Work to complete –
After finding the line with "1012 Poplar Street, LaPorte City" in the entries below, copy that line and each one after it exactly, through the last line, and omit pictures.

####################

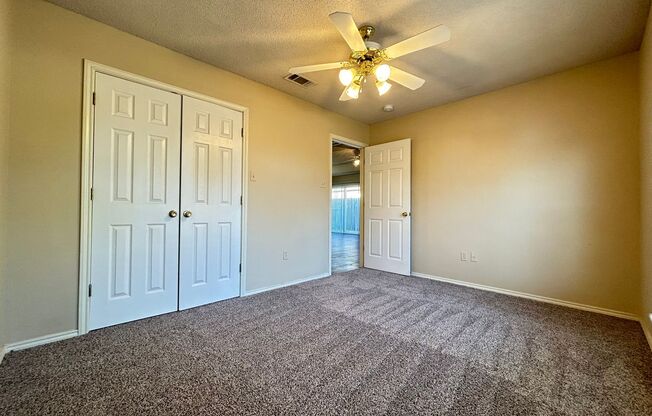 2 beds, 2 baths, $1,200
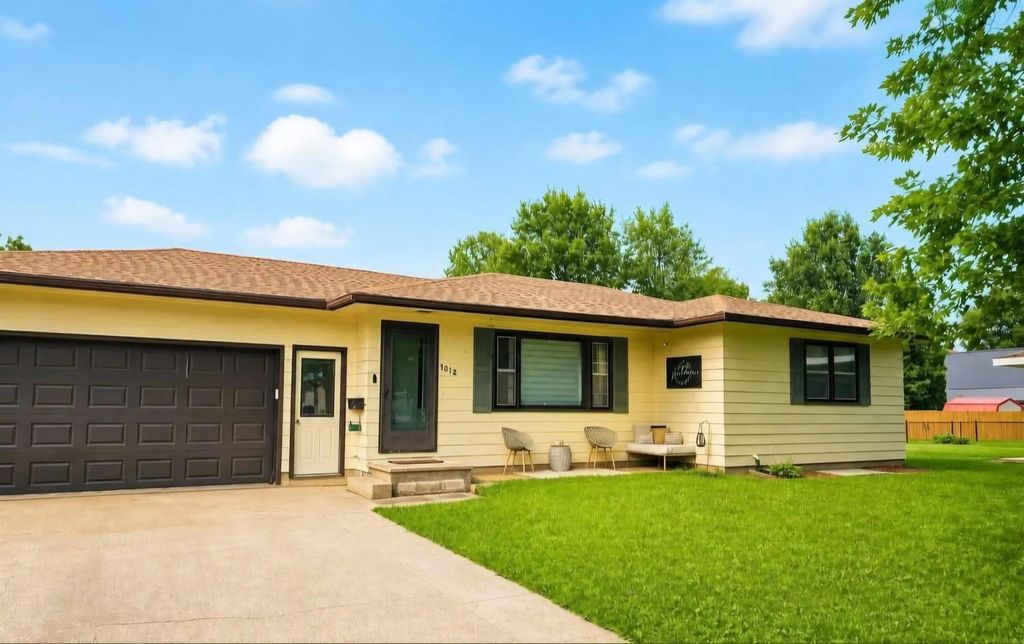 1012 Poplar Street, LaPorte City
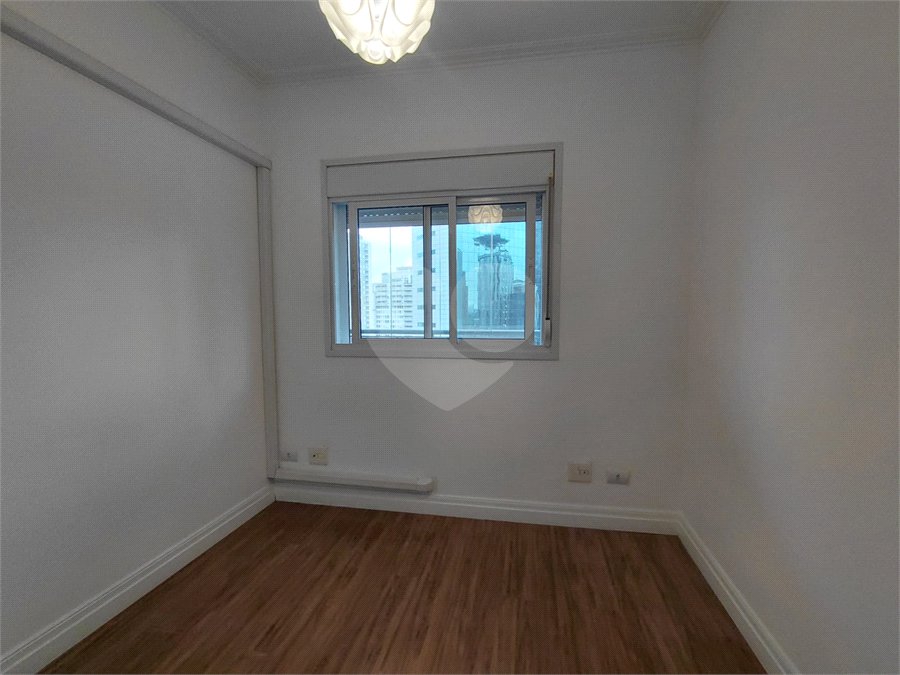 Apartamento à venda com 2 quartos, sendo 1 suíte, em Pinheiros, São Paulo, SP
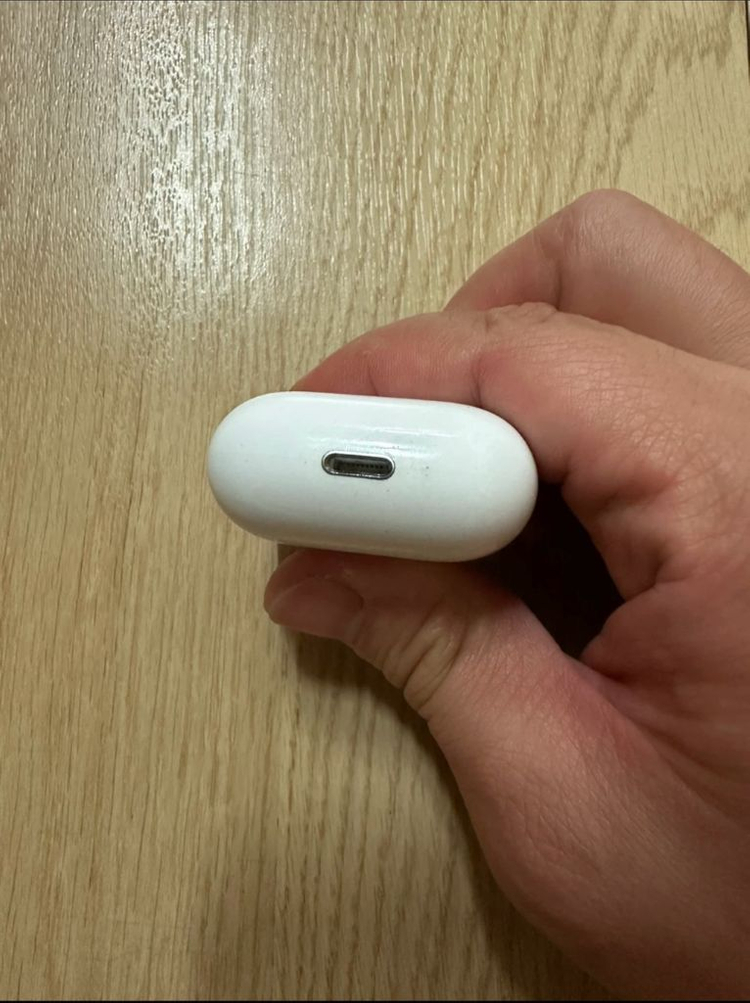 애플 에어팟 2세대 무선 이미지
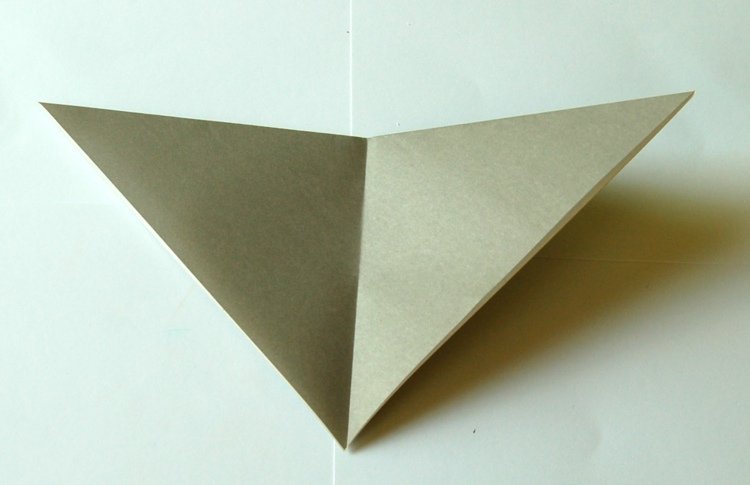 tinker origami djur mittfals DIY hund steg 4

####################

Result of this exercise –
 1012 Poplar Street, LaPorte City
 Apartamento à venda com 2 quartos, sendo 1 suíte, em Pinheiros, São Paulo, SP
 애플 에어팟 2세대 무선 이미지
 tinker origami djur mittfals DIY hund steg 4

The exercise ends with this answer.